Figure: Two-tier integrated care concept
Under this concept, the care model follows the patient-oriented flow principle which has been successfully applied at our acute hospitals for many years and is now to be expanded to the outpatient area. The focus of interest in treatment is the patient. The aim is to provide patients with treatment at the correct treatment level depending on their medical needs. Of decisive importance is for patients to be assigned to the correct care unit when their initial diagnosis is made on admission, and to be moved from one care level to the other in the course of the treatment.
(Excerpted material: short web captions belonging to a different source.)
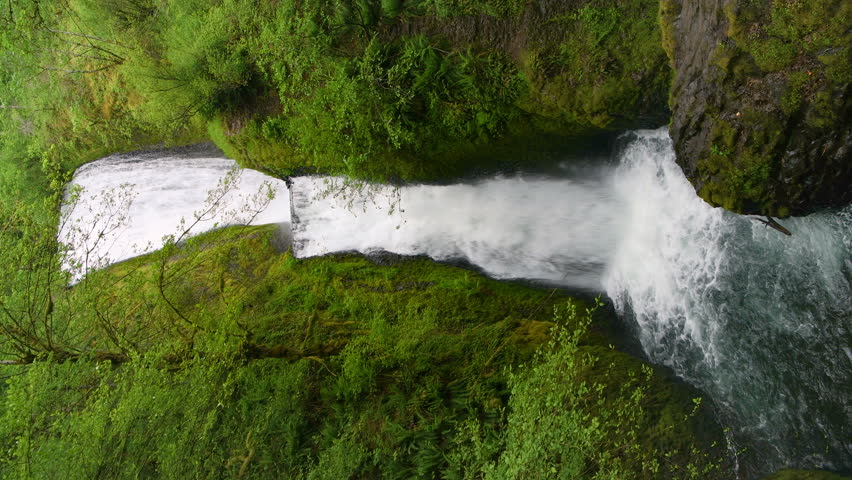 Bridal Veil Falls - A vertical full view of roaring Bridal Veil Falls on a stormy Spring day. Columbia River Gorge, Oregon, USA.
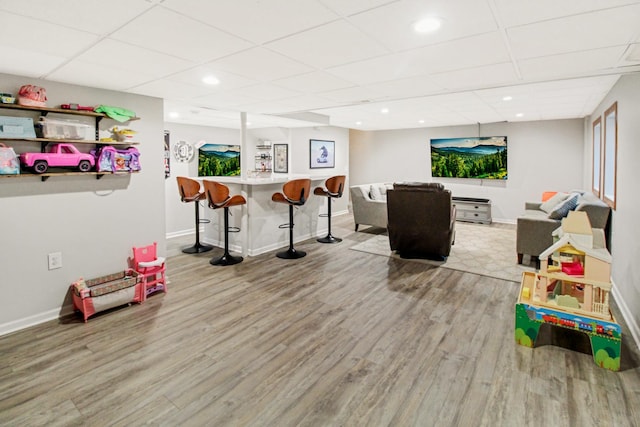 11042 Quail Dr, Mokena, IL 60448 - game room with baseboards, wood finished floors, bar area, and a drop ceiling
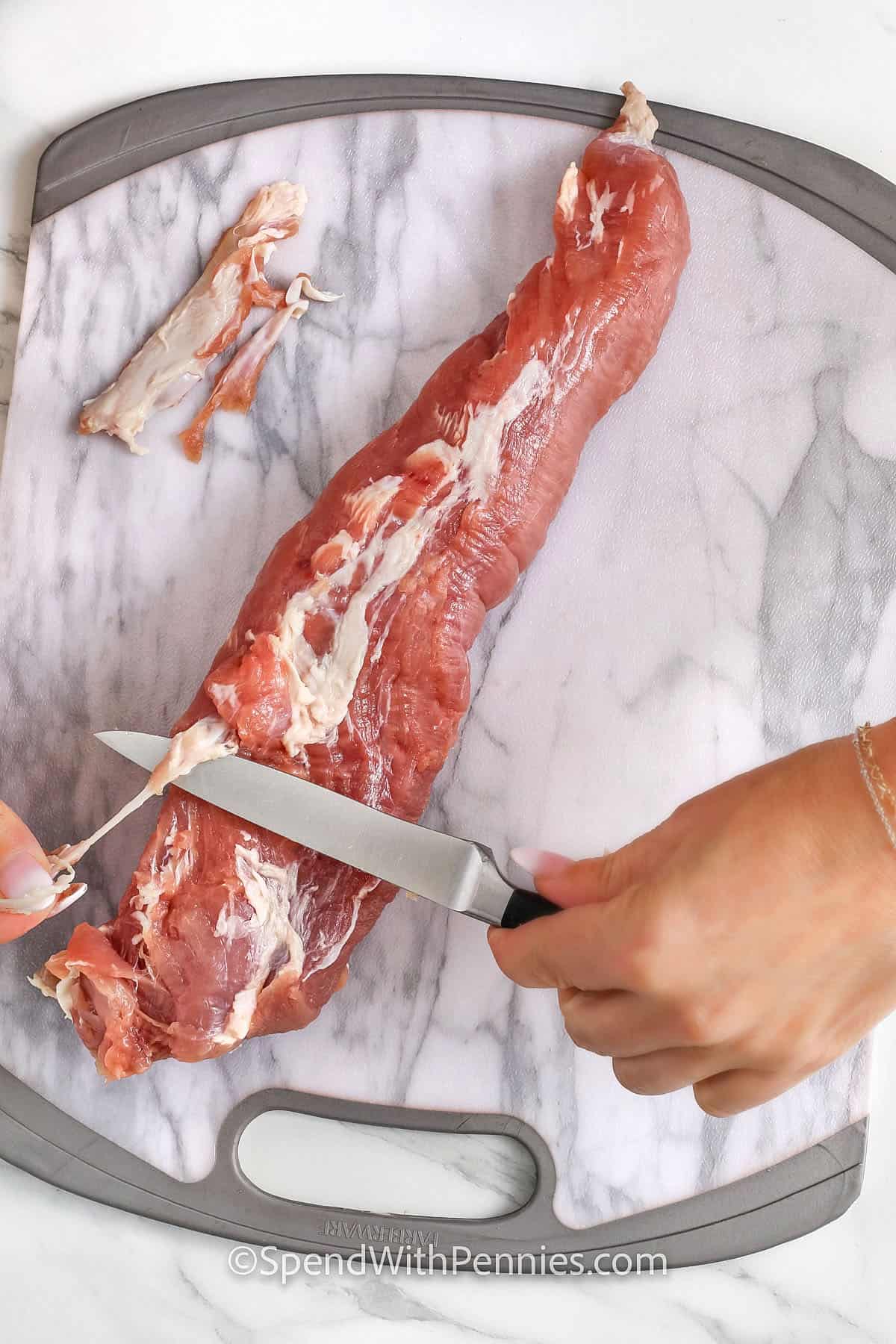 How to Remove Silverskin from Pork Tenderloin on a cutting board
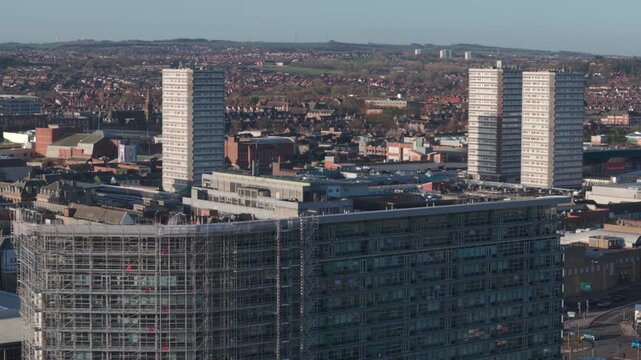 Aerial telephoto shot flying backward from Sunderland city center during morning rush hour, showcasing the urban landscape and high-rise architecture in the morning light.

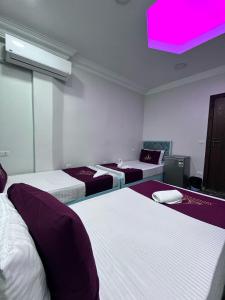 una stanza con tre letti e una luce rosa di Abdeen Cairo Hostel a Il Cairo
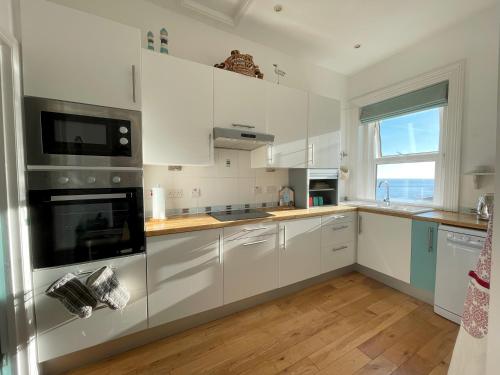 une cuisine avec des placards blancs et une grande fenêtre dans l'établissement Sandy Toes - awesome beach view and access, à Ventnor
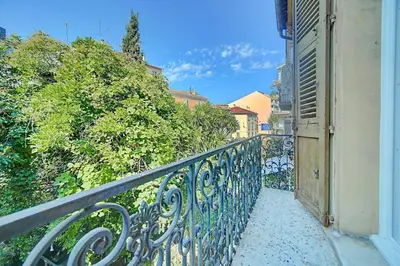 a balcony with a iron fence and bushes at IMMOGROOM - Suquet - 2 min from the beaches in Cannes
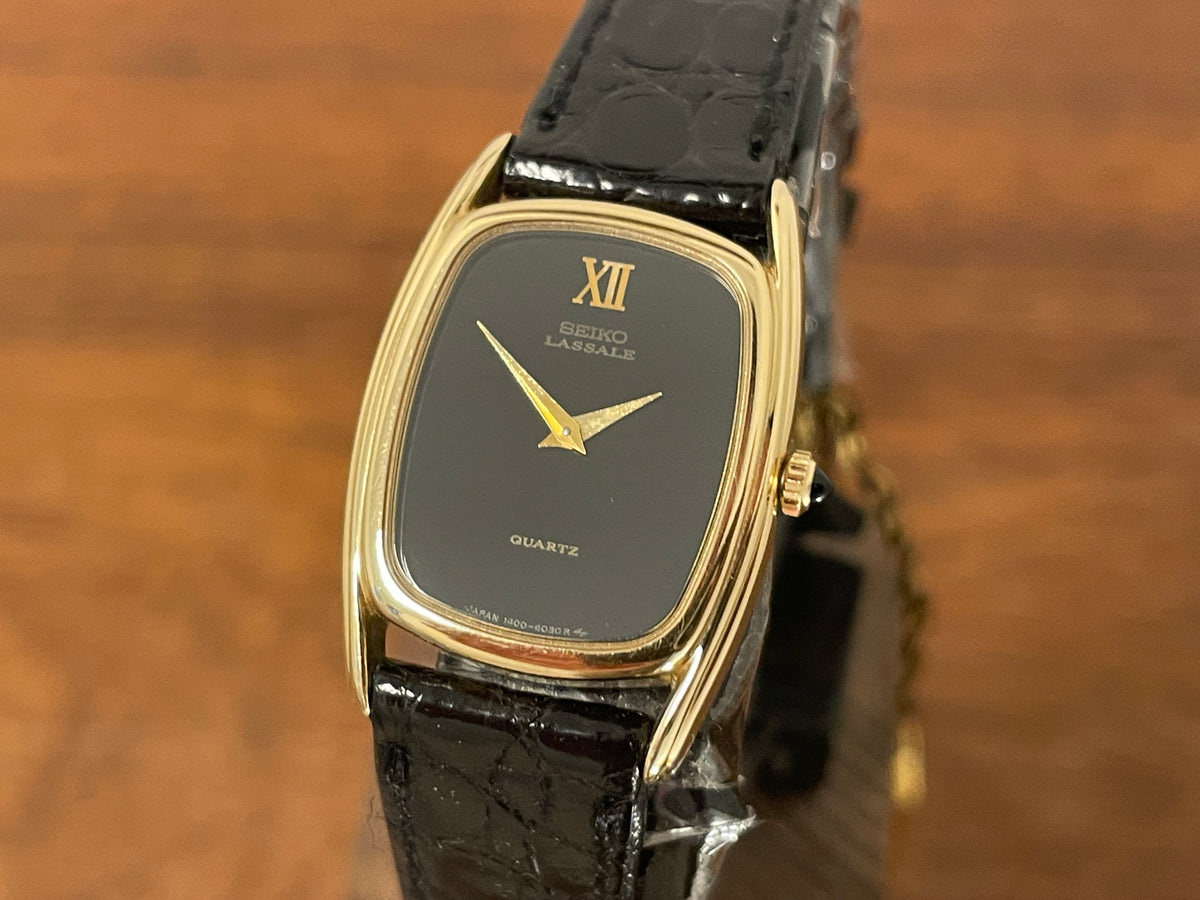 (1980) Seiko 1400-7249 Lassale "Ellipse" dress watch - black dial w/ gold Roman numerals - small size (NOS)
For us, doctors are like bridge builders, closing the gap between the sectors. Together with nursing staff, they are closest to patients and they are the most familiar with their needs. Doctors are to be involved in the regional portal clinic/MVZ structures, enabling them to put to work their medical expertise while at the same time assuming economic responsibilities. In this regard it is unquestionable that medical independence is essential and vital when it comes to ensuring good medical care. To explore and take new approaches in socialised healthcare delivery, we are committed to an open dialogue with community-based practitioners and an open alliance with providers. With this in mind we concluded a co-operation agreement with the Association of Physicians Accredited under Statutory Health Insurance (Kassenärztlichen Bundesvereinigung).
We also look to the market as a dynamic force in implementing our care model, since innovation is something vitally necessary when it comes to developing viable care solutions and ensuring good medical care. Such innovation is only possible in an environment in which healthcare providers compete for the best ideas.